TASK OBJECTIVE
Your job is to transcribe the material exactly, every line included.
───── RECORDED DATA ─────
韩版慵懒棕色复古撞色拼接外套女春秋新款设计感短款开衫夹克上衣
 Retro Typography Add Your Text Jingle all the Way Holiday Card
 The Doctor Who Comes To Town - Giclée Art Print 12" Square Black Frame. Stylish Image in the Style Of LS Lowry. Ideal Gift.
─────
SOLUTION TO THE EXERCISE
韩版慵懒棕色复古撞色拼接外套女春秋新款设计感短款开衫夹克上衣
 Retro Typography Add Your Text Jingle all the Way Holiday Card
 The Doctor Who Comes To Town - Giclée Art Print 12" Square Black Frame. Stylish Image in the Style Of LS Lowry. Ideal Gift.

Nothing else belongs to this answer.